Yes, and in most cases, Mark may have said this, but in most cases, we've got some of our technology involved in the performance contracts. And so you've got technology, you've got automation that we're working on, downhole automation. And it's really becoming much more of a trend. And we're seeing more adoption from customers. And so as you think about, you've heard us talk about auto slide and that technology. We've recently rolled out a new advanced auto driller We've got new failure prevention applications. We've got engine automation solutions to help with lowering emissions and improving fuel economy. So as I mentioned earlier, as you look at this from a shared savings perspective and a value creation, customers are more and more willing to share in those savings, which enables us to increase our revenues and really get paid for of the value proposition or a portion of the value proposition that we're providing.

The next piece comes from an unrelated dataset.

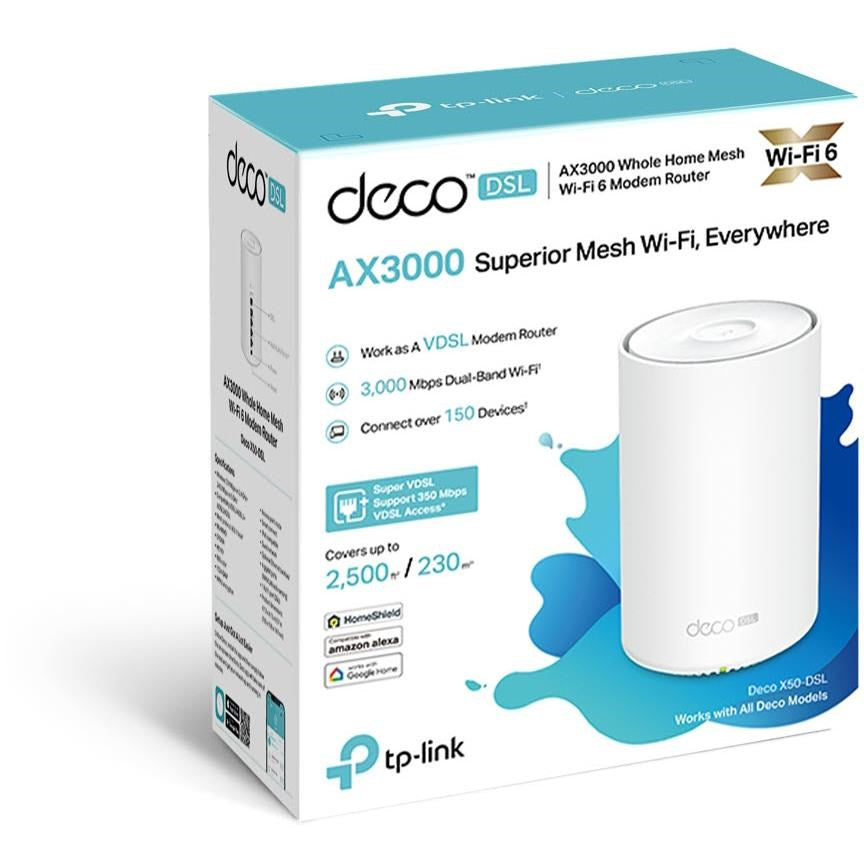TP-Link Deco AX3000 VDSL Whole Home Mesh Wi-Fi 6 Modem Router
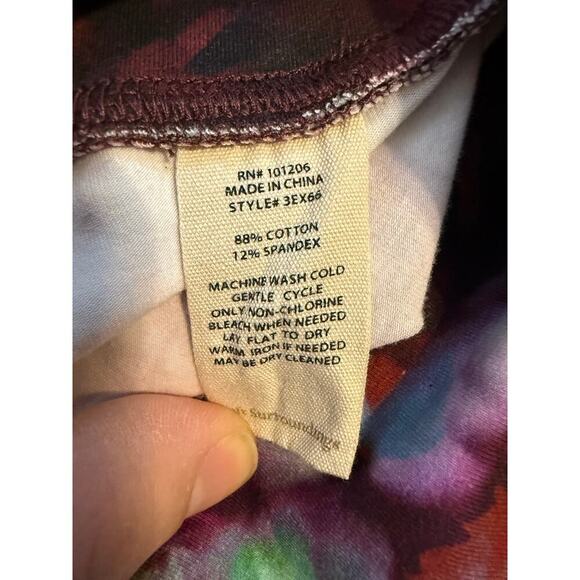 Soft Surroundings Womens Giardino Floral Leggings Petite Medium - Picture 6 of 6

Got it. And that's a nice segue into what was already going to be my next question, which is, what's the current timeline for reaching the next level in rig automation? And just refresh us on what you consider that level to be, John, using you know, the Tesla five level full self-driving analogy. And then maybe could you share some color on specific technology initiatives you have for this year?

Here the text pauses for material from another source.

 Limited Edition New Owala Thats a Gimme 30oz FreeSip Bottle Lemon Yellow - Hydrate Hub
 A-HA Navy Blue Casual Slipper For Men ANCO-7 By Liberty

Well, if you think about because automation on a rig is you're covering a lot of ground. A big portion of our automation has been focused on you know, manually intensive, you know, type processes, you know, something that using directional drilling as an example where you've got somebody that's requiring, you know, a person 24-7 and being able to automate that and apply algorithms to that has delivered a lot. But there's, you know, all sorts of other things that are, are little automation pieces that are helping the driller, helping the customer do more with less and be more reliable, and not requiring a human to have to pay attention to it, like I said, 24-7. There are automation things that we're working on related to work around the rotary table. you know, lowering exposures related to making connections. There's things like that that we're working on. I mean, this is a very, very long conversation to cover it all. But as far as pushing a button and the rig drilling the next well, we're probably not at that point. Although, auto slide, you push a button and you drill the next stand. But we're a long way from a fully autonomous rig.

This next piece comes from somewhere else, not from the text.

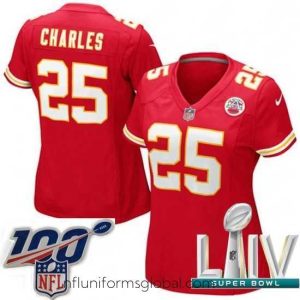 Alluring 2020 Super Bowl LIV Kansas City Chiefs #25 Jamaal Charles Red Team Color Vapor Untouchable Limited Player Football Jersey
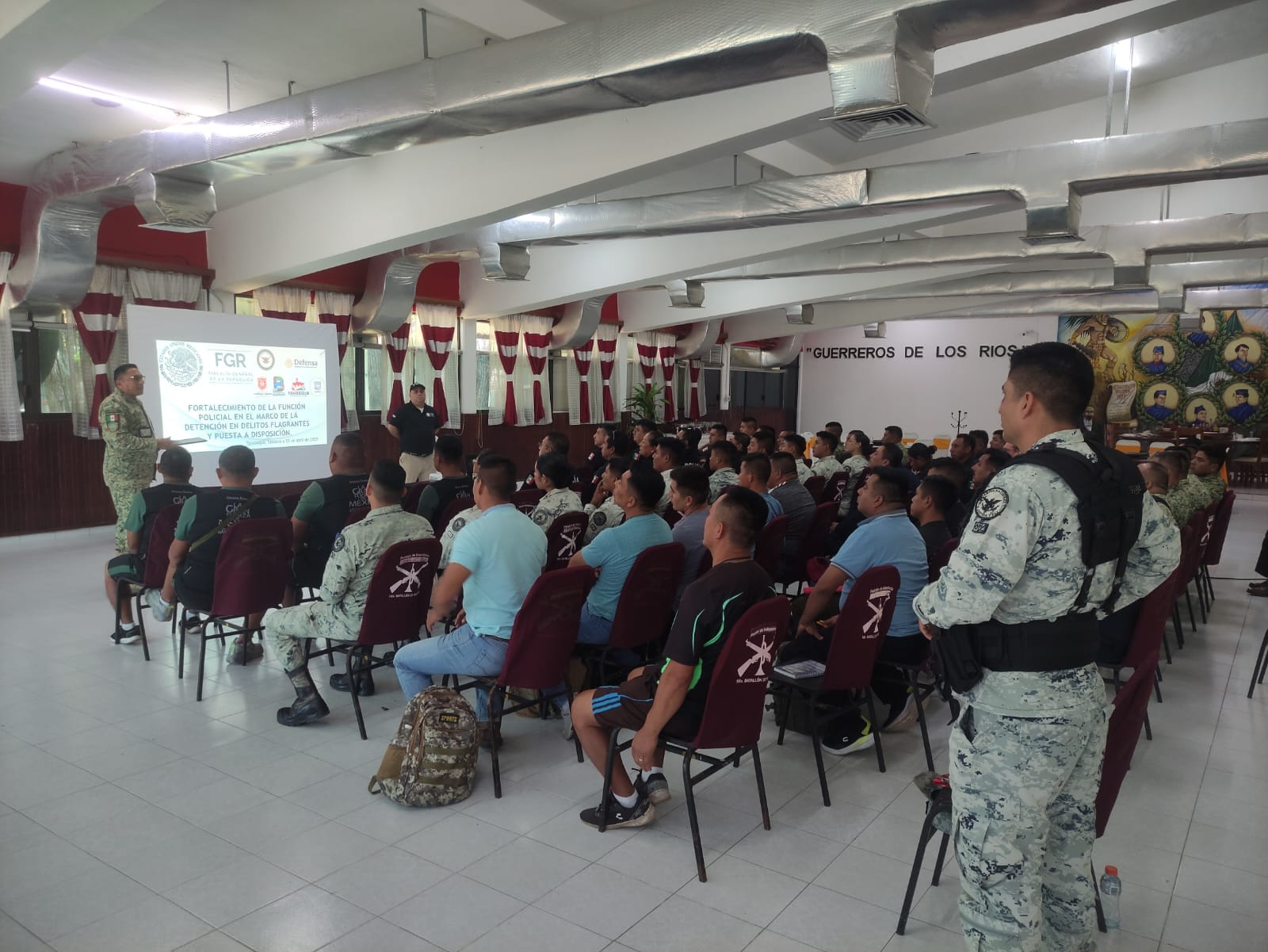 Imparten capacitación a primeros respondientes en Tabasco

Got it. I appreciate that, Collar. I'll let you guys wrap it up.
All right. Thank you, Thomas.
Thank you. I would now like to turn the call back to John for any closing remarks.
All right. Thank you, Nikki. Thanks to everybody for joining us today. I know there's a lot of earnings calls going on this week, so we appreciate your time. We spend a lot of time as a management team looking at pricing dynamics, the sales force looking at pricing dynamics. We're holding the line on capital discipline. We're not chasing market share. We believe that it's crucial to creating a healthy and sustainable company over the long term. Our focus is going to remain on top-tier performance, safety, and reliability, and we're going to continue to focus on improving our margins and returns on capital. So thank you again for joining us today and have a great day.